Przejście przez jezdnie może doprowadzić do zakażenia koronawirusem. Wszystko przez to, że trzeba najpierw wcisnąć przycisk. O takim problemie w Makowie Mazowieckiem poinformował nas jeden ze słuchaczy.
RDC
- Bez wciśnięcia przycisku światło ciągle jest czerwone - powiedział nam słuchacz.
Chodzi dokładnie o dwa skrzyżowania ul. Mickiewicza z Pułaskiego i Moniuszki. Za tę drogę odpowiada GDDKiA. Drogowcy potwierdzili nam, że mieszkańcy rzeczywiście muszą wciskać przycisk żeby przejść przez jezdnie. Jak się okazuje, tak jest na całym Mazowszu jeżeli chodzi o tę kategorię dróg.
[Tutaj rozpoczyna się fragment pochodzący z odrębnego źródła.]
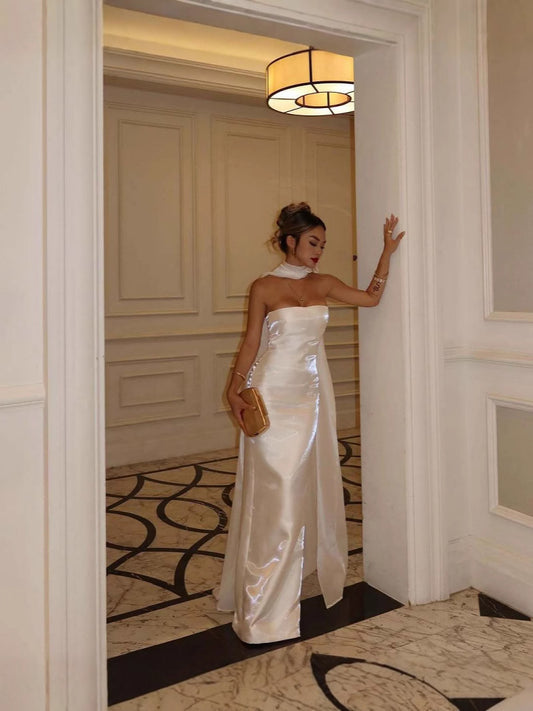 Dame Elegant Aftenkjole med off-shoulder design og raffinerede detaljer Stilla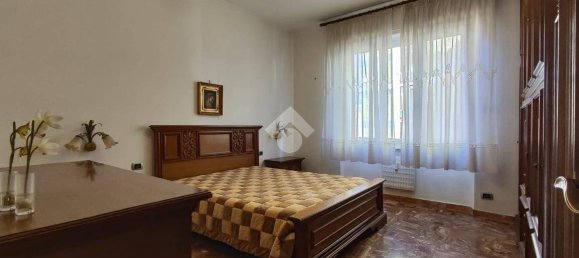 3 bedrooms Apartment in Genoa, Italy No. 11733 12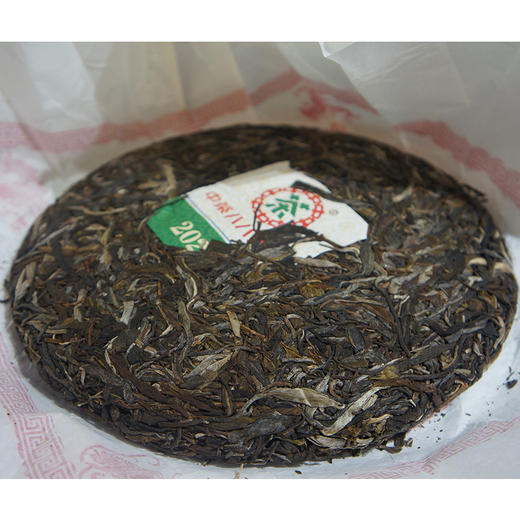 中茶普洱茶 2020年 新品 翡翠八八青饼 班章 生茶357g 中粮茶叶 商品图4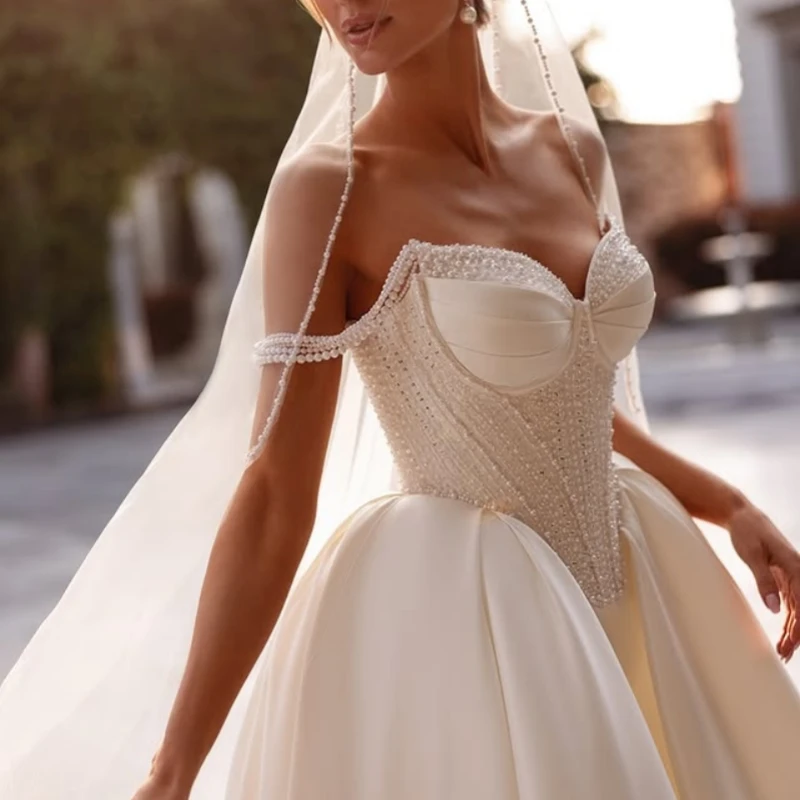 

Customized satin simple white Ball Gown Royal Wedding Dresses crystal applique Pearl bead Long tail Made Robe De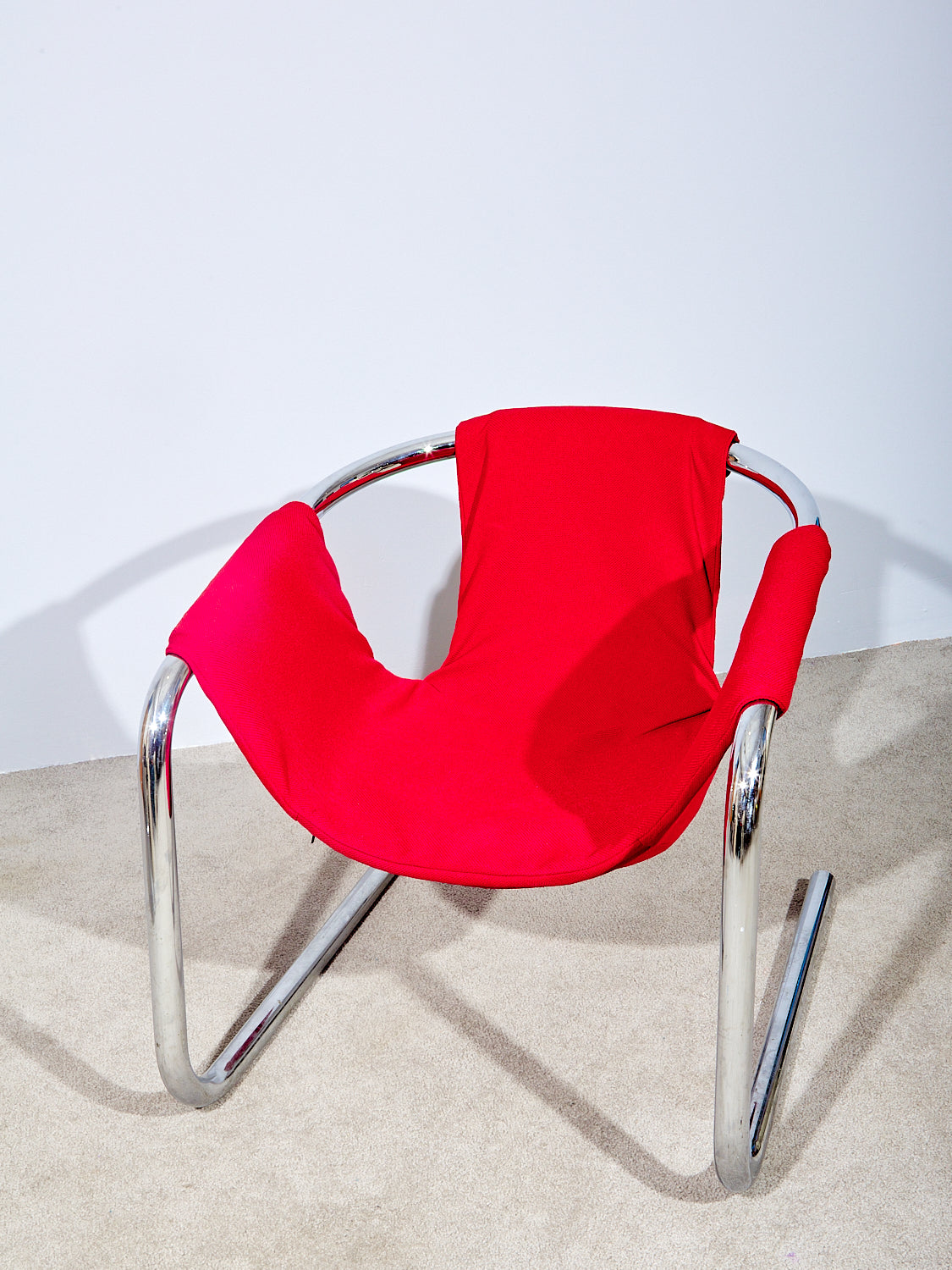 Vintage Zermatt Sling Chair in red.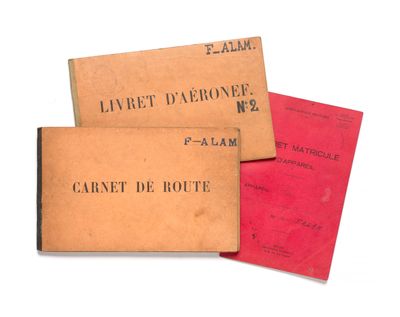 trois livres sont empilés sur une surface blanche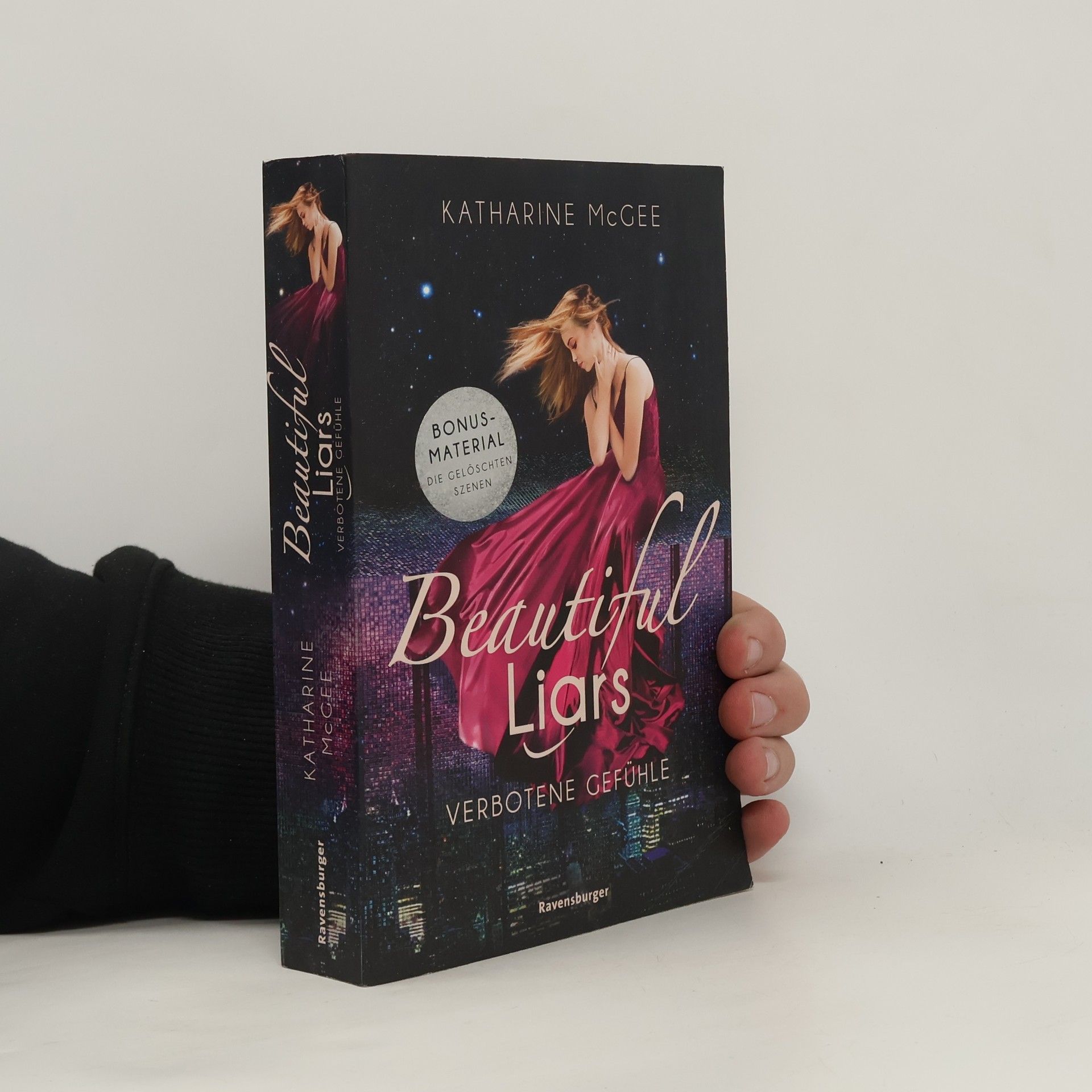 Katharine McGee Beautiful Liars 1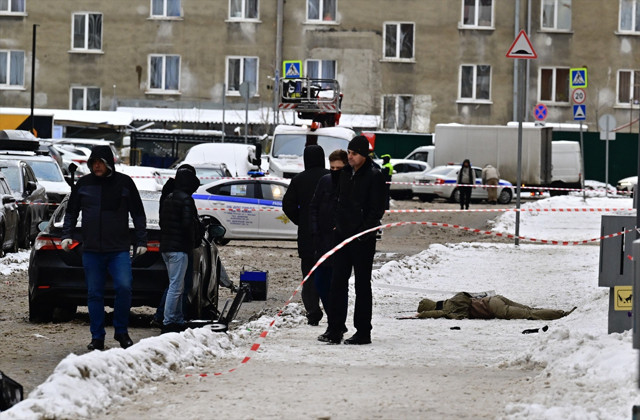 Moskova'da apartman girişinde patlama! Putin'in üst düzey komutanı öldü - Resim: 0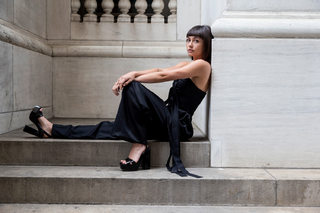 Sydney Chandler feet photo thumbnail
- Niestety, ale nie możemy przełączyć z systemu z akomodacyjnego na stałoczasowy - tłumaczy Małgorzata Tarnowska z GDDKiA. - Po przełączeniu trybu na stałoczasowy, czas oczekiwania na zmianę świateł może być zbyt długi. Przyzwyczajeni do normalnego trybu piesi mogliby nie doczekać aż światło się zmieni i wkroczyć na jezdnię na czerwonym - wyjaśnia.
Drogowcy zachęcają mieszkańców do korzystania ze środków ochrony osobistej, m.in. z żeli dezynfekcyjnych.